There Must Be 15 Ways To Lose Your Cursors… Part 2: Just Put It in a S

  • min.li (4/28/2009)


    Hello,

    I recently had to use curosr to do a function in my work. Although I knew I should try to avoid cursor, but could not find a way. I wonder if you can figure out doing it without cursor.

    I have a table like this:

    Name RowNumber

    RL 1

    RL 2

    ..

    RL 10

    SL 11

    SL

    .. 15

    RL 16

    ..

    RL 30

    SL 31

    .. 41

    The RowNumber is granteed to be in sequence and there are actually more than two values for the 'Name' column, only two listed here for simplicity.

    The result of the function I need is a return table varaible like

    Name startRowNumber endRowNumber

    RL 1 10

    SL 11 15

    RL 16 30

    SL 31 41

    I am really curious if there is a way to achieve it without using cursor.

    Thanks.

    Your case is hard to folllow, can you at least make a test script with some data in SQL form so we use that and don't each have to make our own?

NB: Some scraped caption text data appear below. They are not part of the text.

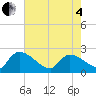 Pleasant Hill Landing tide chart for Sunday, May 4, 2025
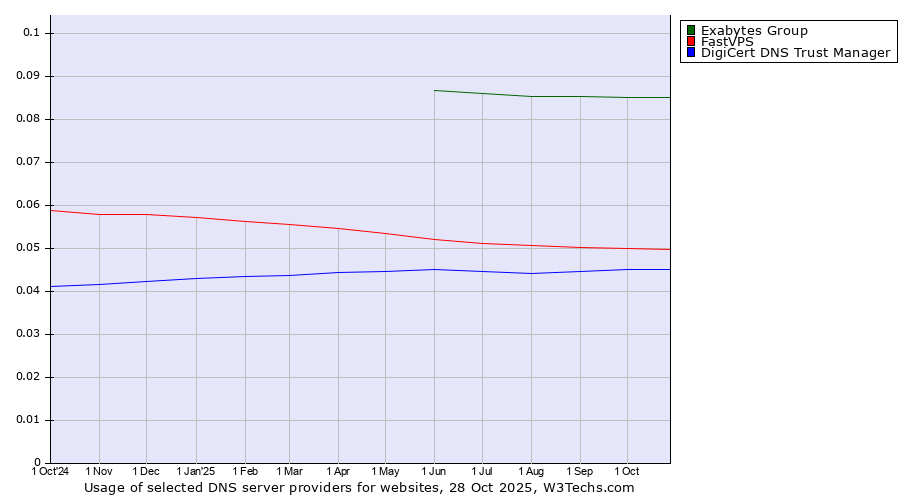 Historical trends in the usage of Exabytes Group vs. FastVPS vs. DigiCert DNS Trust Manager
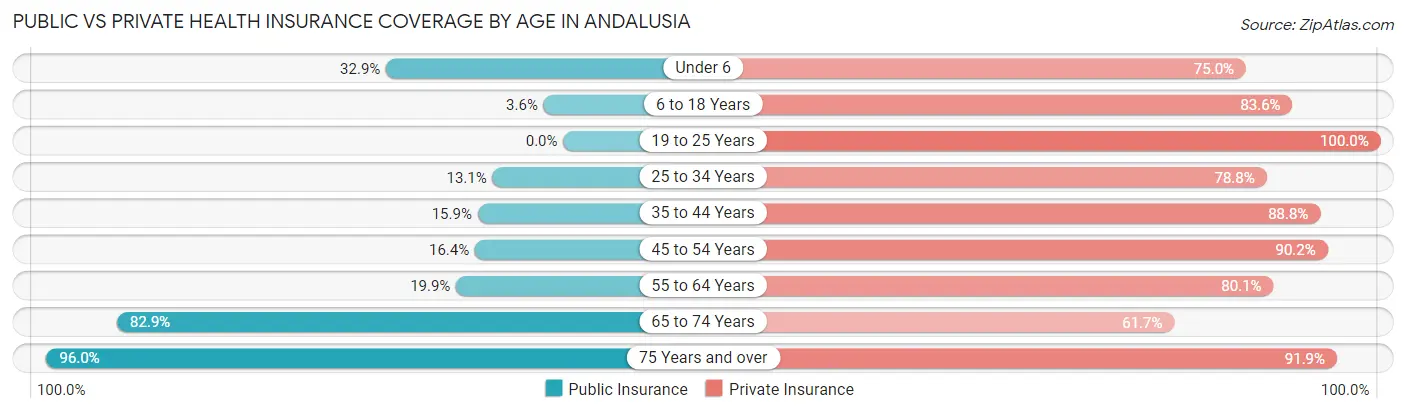 Public vs Private Health Insurance Coverage by Age in Andalusia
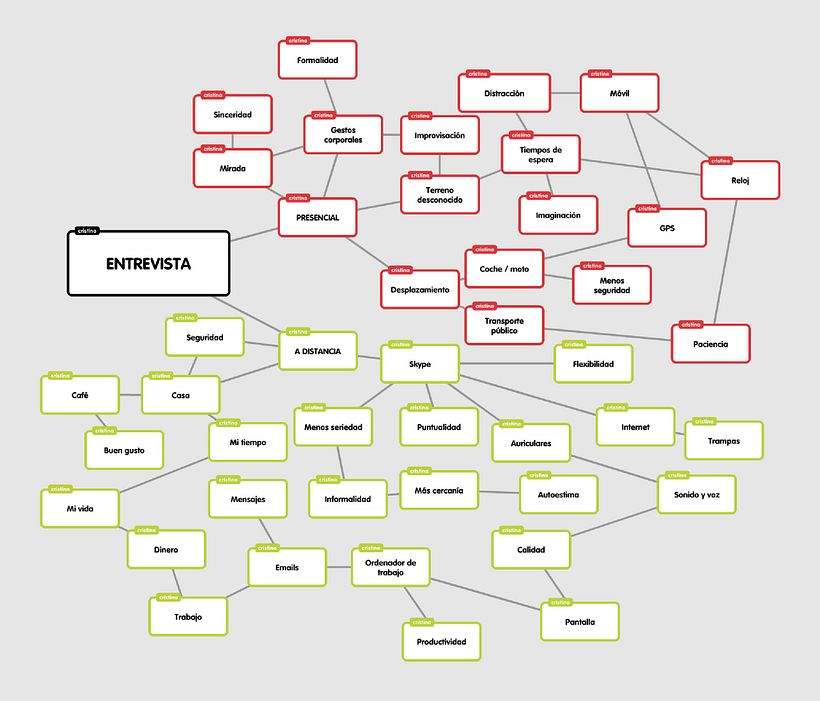 International Interviews 1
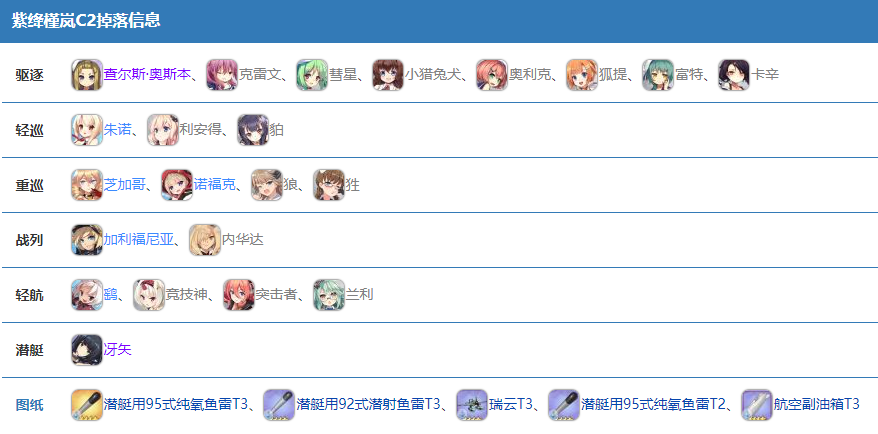 1663597360139060.png 《碧蓝航线》活动紫绛槿岚掉落一览 碧蓝航线最新活动掉落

This will greatly increase the response to your particular issue!

  • Hi,

    Firstly, test table can be prepared as:

    IF OBJECT_ID('dbo.TestData') IS NOT NULL

    DROP TABLE dbo.TestData

    CREATE TABLE dbo.TestData

    (Name varchar(4) not null,

    RowNumber int not null

    )

    DECLARE @Counter int

    SET @Counter = 1

    WHILE @Counter <= 100

    BEGIN

    IF ((@Counter/10)%2=0)

    INSERT INTO dbo.TestData(Name, RowNumber) VALUES ('RL', @Counter)

    ELSE

    INSERT INTO dbo.TestData(Name, RowNumber) VALUES ('SL', @Counter)

    SET @Counter = @Counter + 1

    END

    Then, the cursor function is:

    CREATE FUNCTION [dbo].[TestNumberRange]()

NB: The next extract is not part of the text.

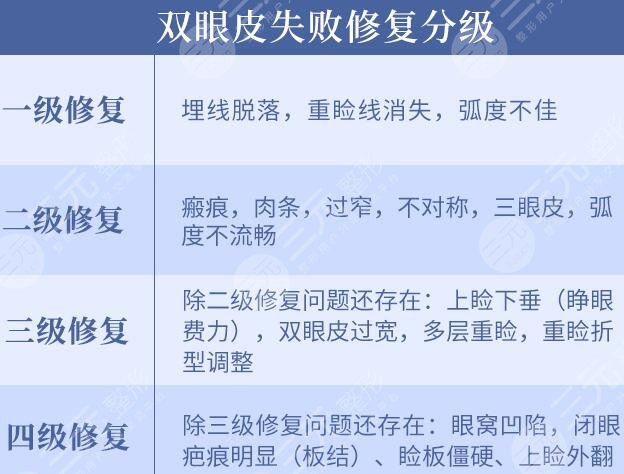 李继鹏医生科普双眼皮修复手术知识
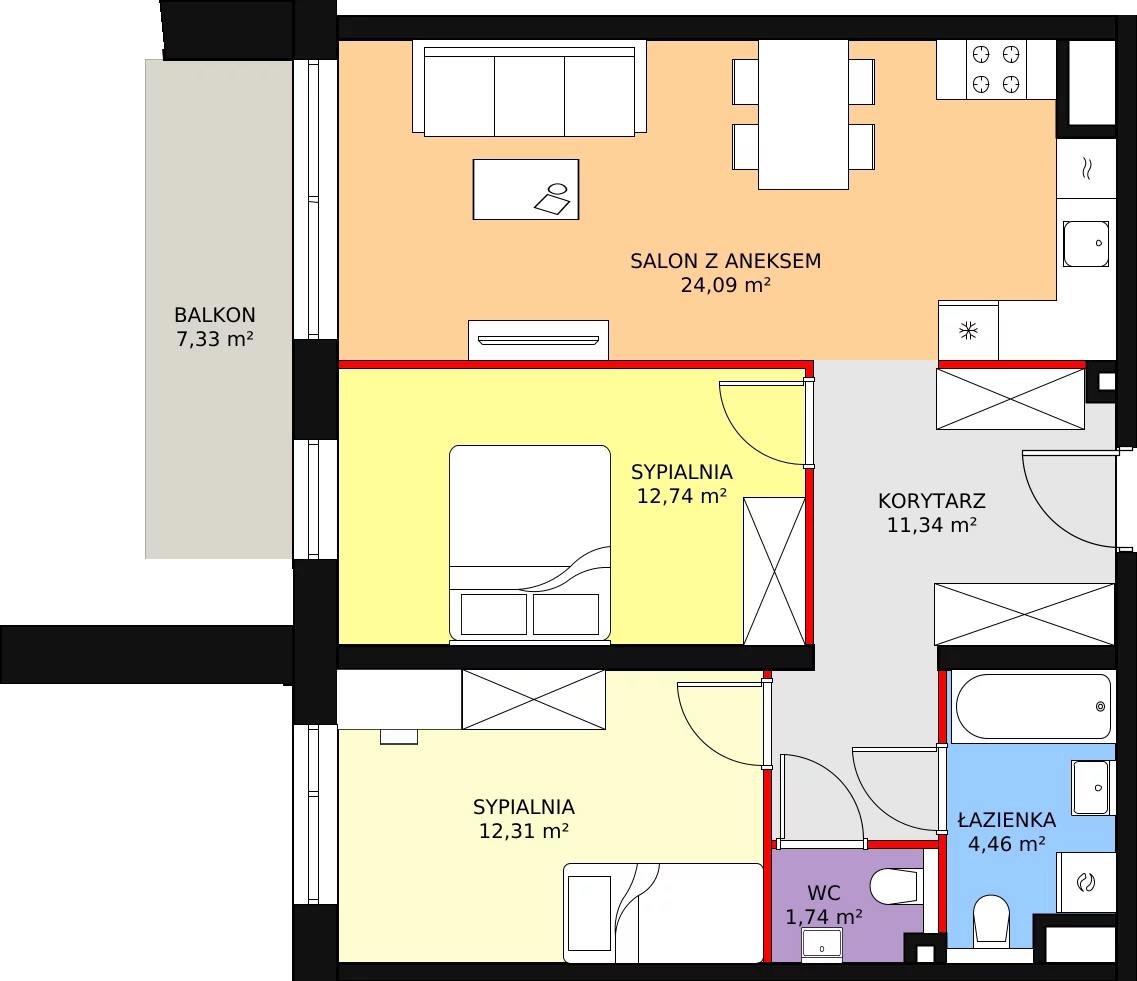 3 pokoje, apartament 66,68 m², piętro 3, oferta nr A5.5.4, Sedina Apartamenty - Etap I, Szczecin, Śródmieście, Międzyodrze-Wyspa Pucka, ul. Maklerska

    RETURNS @DataDistribute TABLE (

    Name varchar(4)not null,

    StartNum intnot null,

    EndNum intnot null) AS

    BEGIN

    declare @name varchar(4),

    @preName varchar(4),

    @rowNumber int,

    @startNumber int,

    @endNumber int

    declare data_cursor cursor for

    select Name, RowNumber from TestData order by RowNumber

    set @preName= 'None'

    set @endNumber = 0

    open data_cursor

    fetch next from data_cursor into @name, @rowNumber

    while (@@fetch_status = 0)

    begin

    if (@name != @preName)

    begin

    if @endNumber != 0

    insert into @DataDistribute

    values (@preName, @startNumber, @endNumber)

    set @startNumber = @rowNumber

    set @preName = @name

    end

    set @endNumber =@rowNumber

    fetch next from data_cursorinto @name, @rowNumber

    end

    insert into @DataDistribute values (@name, @startNumber, @endNumber)

    close data_cursor

    deallocate data_cursor

    RETURN

    END

    Lastly, function can be tested as:

    select * from dbo.TestNumberRange()

    Can it be done without cursor?

  • min.li (4/28/2009)


    Hello,

    I recently had to use curosr to do a function in my work. Although I knew I should try to avoid cursor, but could not find a way. I wonder if you can figure out doing it without cursor.

    I have a table like this:

    Name RowNumber

    RL 1

    RL 2

    ..

    RL 10

    SL 11

    SL

    .. 15

    RL 16

    ..

    RL 30

    SL 31

    .. 41

    The RowNumber is granteed to be in sequence and there are actually more than two values for the 'Name' column, only two listed here for simplicity.

    The result of the function I need is a return table varaible like

    Name startRowNumber endRowNumber

    RL 1 10

    SL 11 15

    RL 16 30

    SL 31 41

    I am really curious if there is a way to achieve it without using cursor.

    Thanks.

    try this - i created a simple table to test it on

    create table temp1 (col1 varchar(2), rownum int)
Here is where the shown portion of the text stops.